--- Data for the task Enclosed Below ---

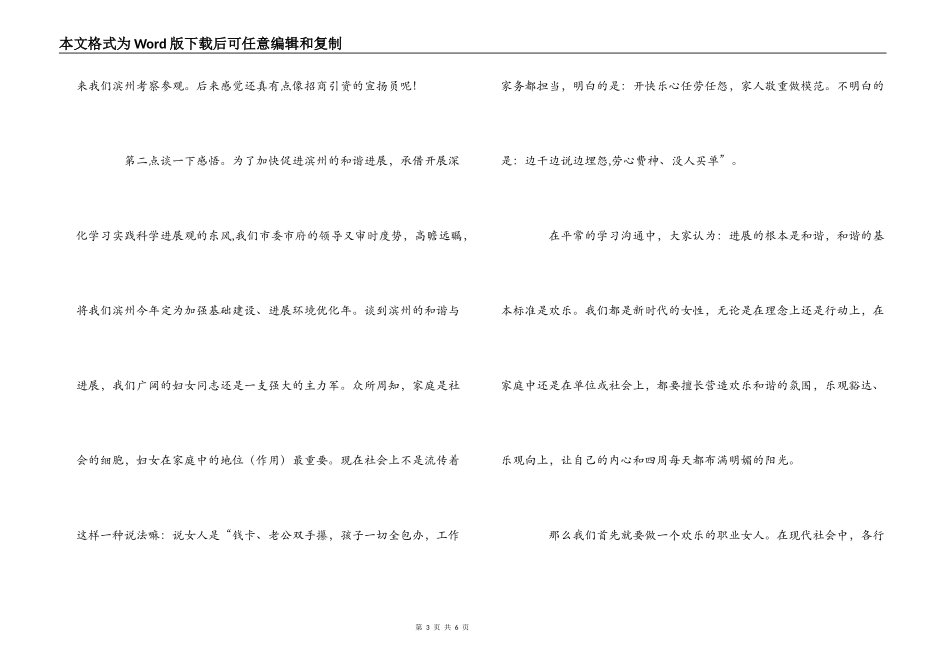 幼儿教师在纪念 “三八”国际劳动妇女节座谈会发言稿_第3页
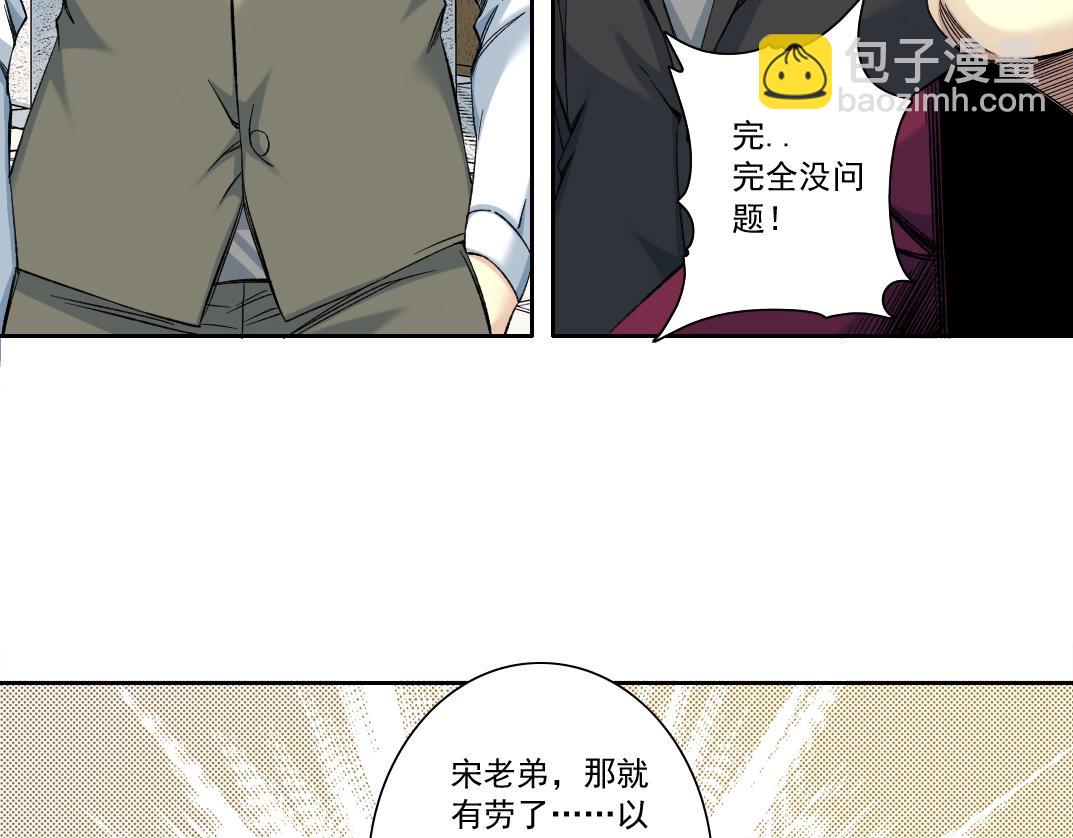 第117话 篡改的历史64
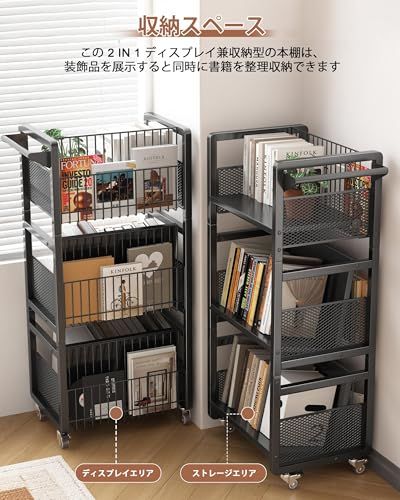 Ornesitaファイルワゴン 本棚 書類棚 書類収納 キャスター付き大容量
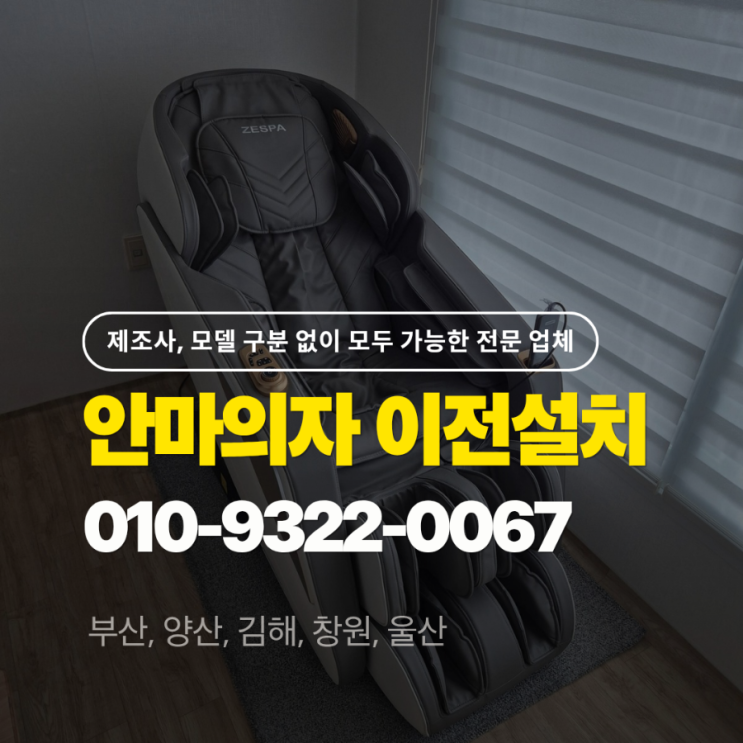  안마의자 이전설치 전문 업체 "파나소닉 청호 누하스 제스파 메디칼드림"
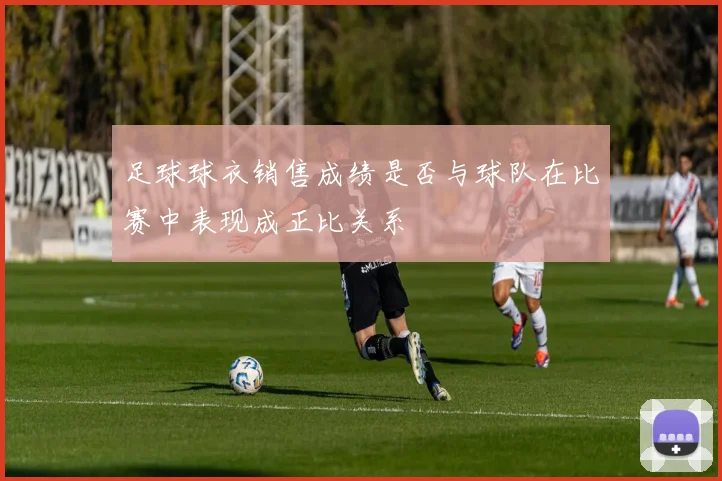 足球球衣销售成绩是否与球队在比赛中表现成正比关系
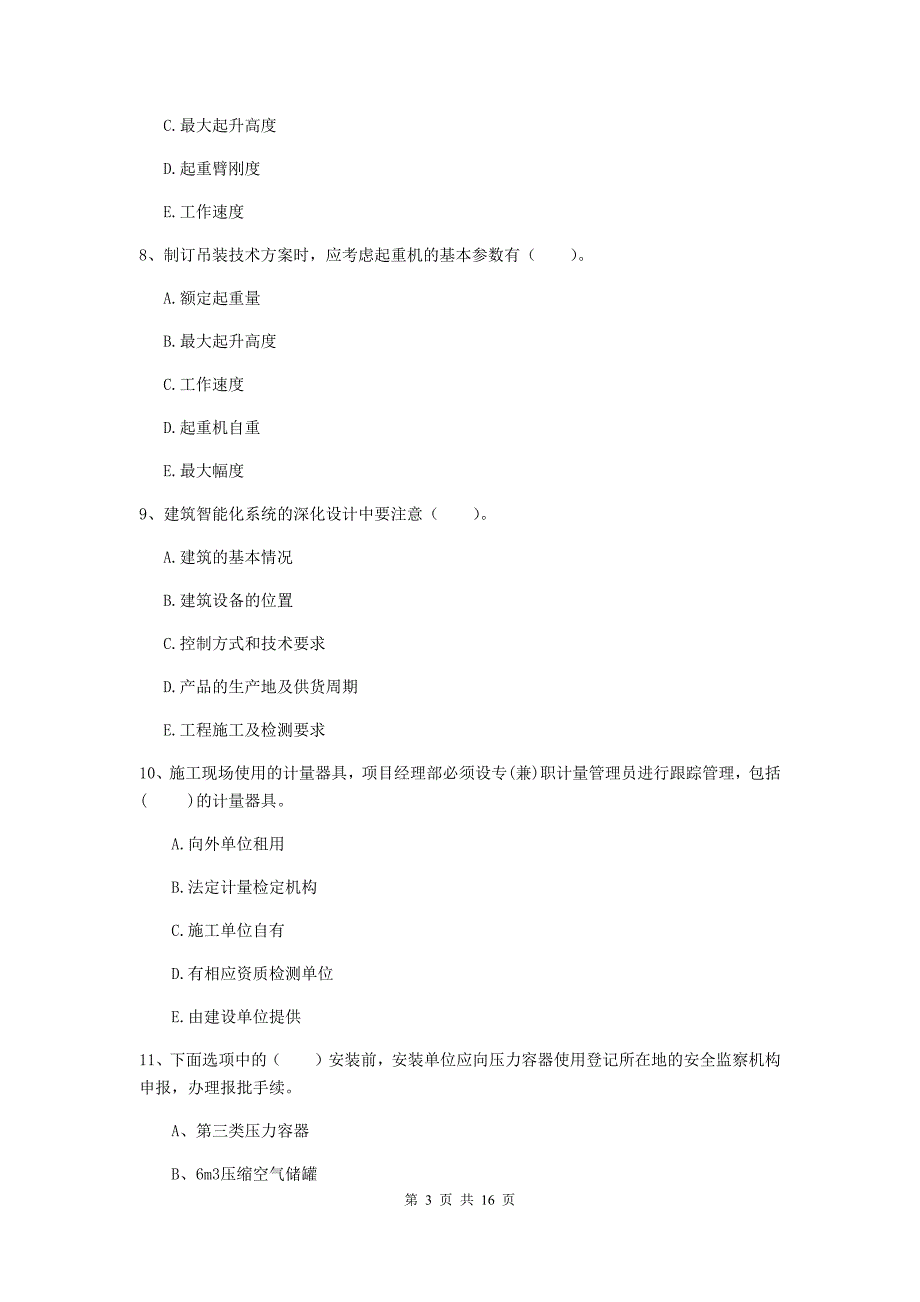 2019版二级建造师《机电工程管理与实务》多项选择题【50题】专项练习c卷 附答案_第3页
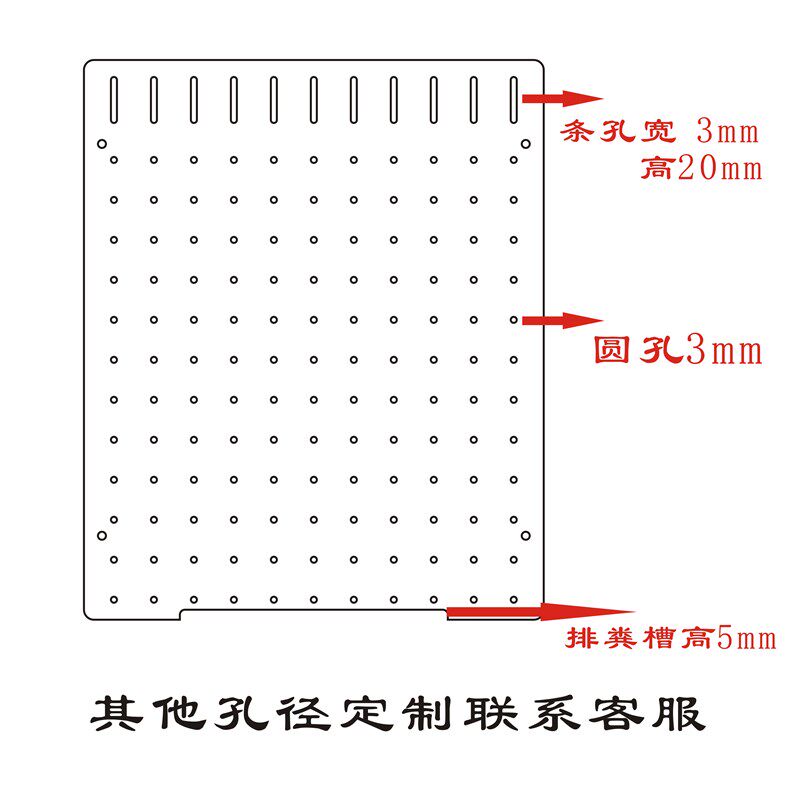 亚克力板鱼缸挡板隔板盖板吸盘夹小网格分离板透明隔离隔断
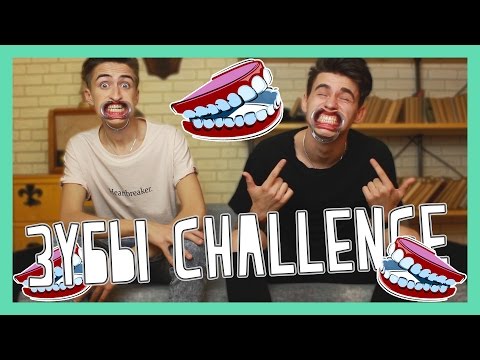 Видео: 💀ЗУБНОЙ CHALLENGE💀 | HalBer
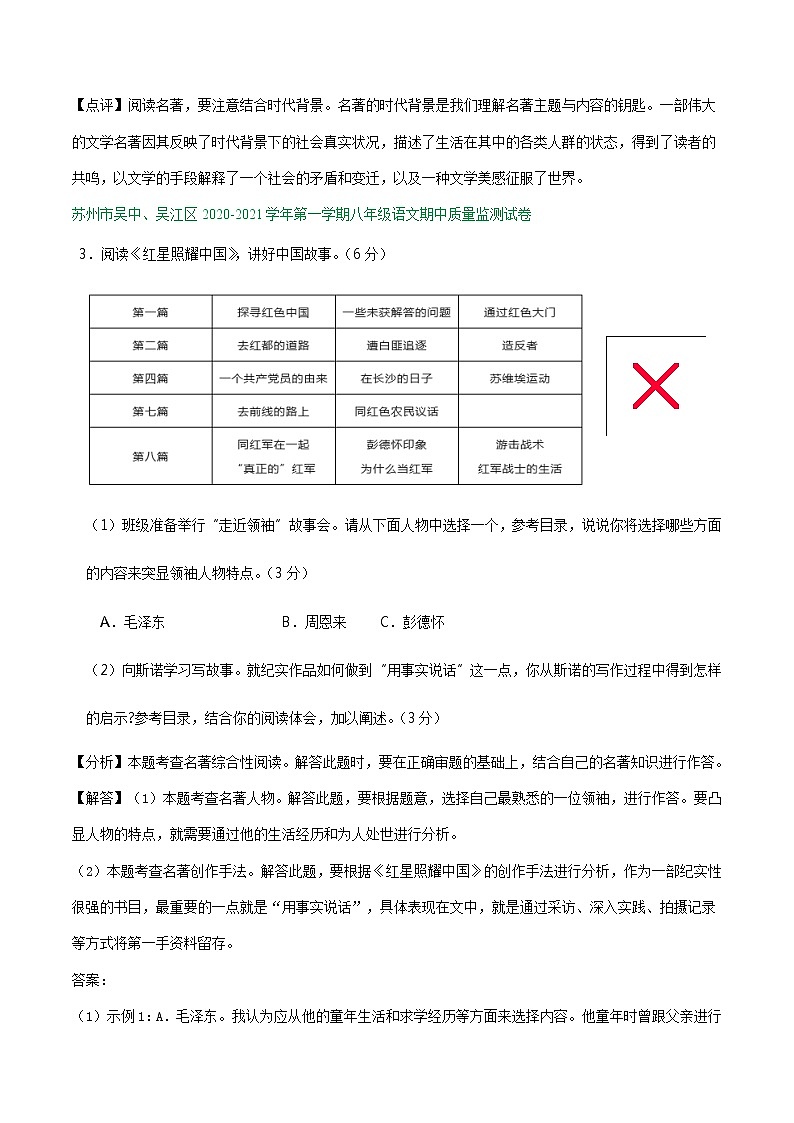 【专项练习】苏州市2020-2021学年8年级上学期期中考试语文试卷分类汇编：名著阅读专题（含答案）第3页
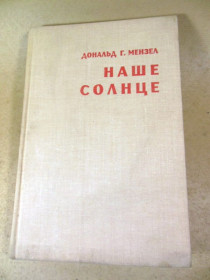 Видання - р. Издания - гг. ^/--/^ Дональд Г. Мензел. Наше солнце ^_^^^ Дональд Г. Мензел. Наше сонце - фото фото фото
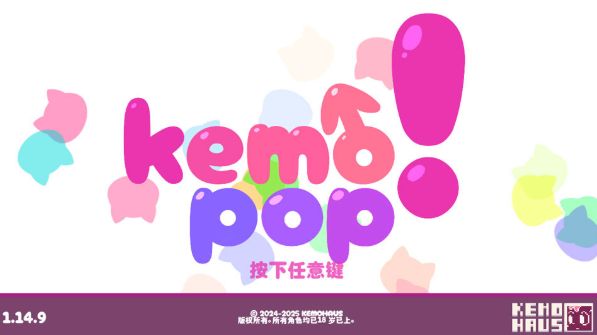 kemopop手机版
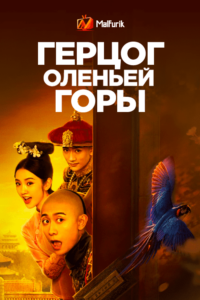 Герцог Оленьей горы Герцог Оленьей горы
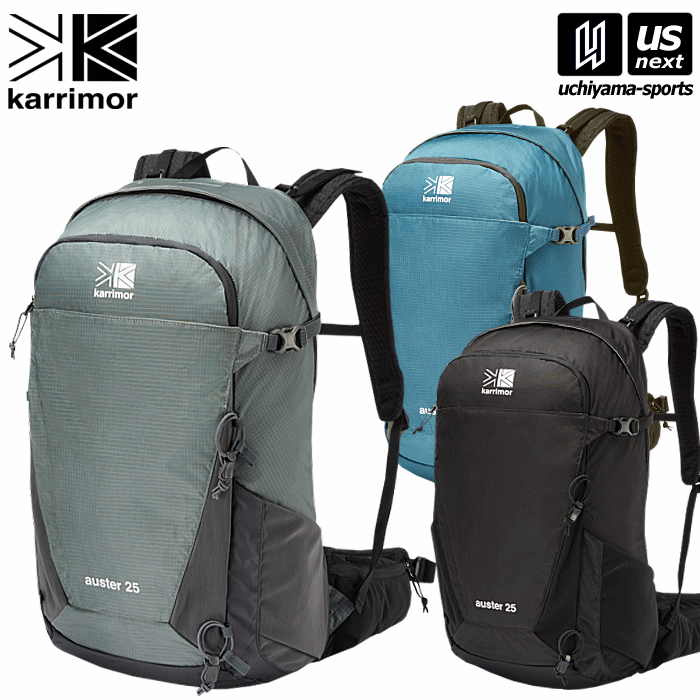 カリマー【 Karrimor 】 バックパック オースター25 2026年春夏継続モデル【 501171 auster25 デイパック リュック リュックサック アウトドア 】【翌日配達対象】【メール便不可】[自社]｜内山スポーツ店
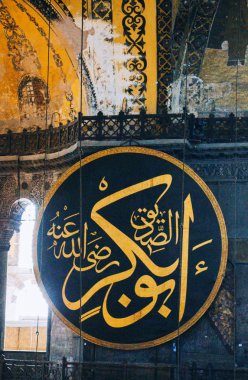 Güzel Osmanlı Hat sanatı örnekleri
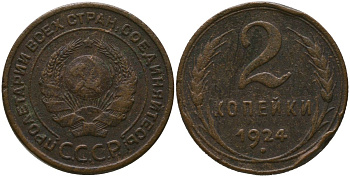 СССР 2 копейки 1924 KM 77, Schon 32 медь 4566-621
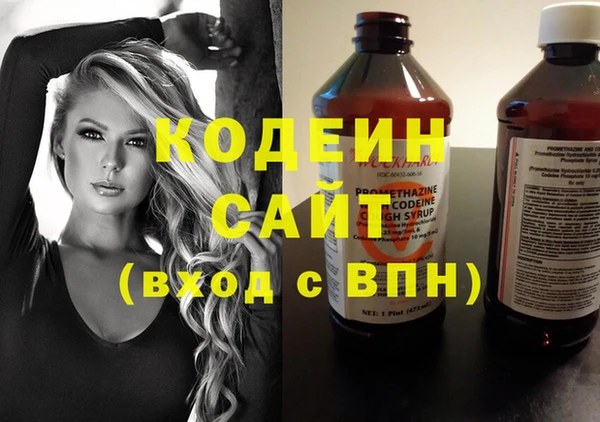 меф Абаза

--- End of Enclosed Data for the task ---

What is needed is a verbatim transcription of the records, minus the pictures.

 幼儿教师在纪念 “三八”国际劳动妇女节座谈会发言稿_第3页
 第117话 篡改的历史64
 Ornesitaファイルワゴン 本棚 書類棚 書類収納 キャスター付き大容量
  안마의자 이전설치 전문 업체 "파나소닉 청호 누하스 제스파 메디칼드림"
 足球球衣销售成绩是否与球队在比赛中表现成正比关系
 2019版二级建造师《机电工程管理与实务》多项选择题【50题】专项练习c卷 附答案_第3页
 亚克力板鱼缸挡板隔板盖板吸盘夹小网格分离板透明隔离隔断
 Видео: 💀ЗУБНОЙ CHALLENGE💀 | HalBer
 【专项练习】苏州市2020-2021学年8年级上学期期中考试语文试卷分类汇编：名著阅读专题（含答案）第3页
 Видання - р. Издания - гг. ^/--/^ Дональд Г. Мензел. Наше солнце ^_^^^ Дональд Г. Мензел. Наше сонце - фото фото фото
 kemopop手机版
 Герцог Оленьей горы Герцог Оленьей горы
 カリマー【 Karrimor 】 バックパック オースター25 2026年春夏継続モデル【 501171 auster25 デイパック リュック リュックサック アウトドア 】【翌日配達対象】【メール便不可】[自社]｜内山スポーツ店
 Güzel Osmanlı Hat sanatı örnekleri
 СССР 2 копейки 1924 KM 77, Schon 32 медь 4566-621
 меф Абаза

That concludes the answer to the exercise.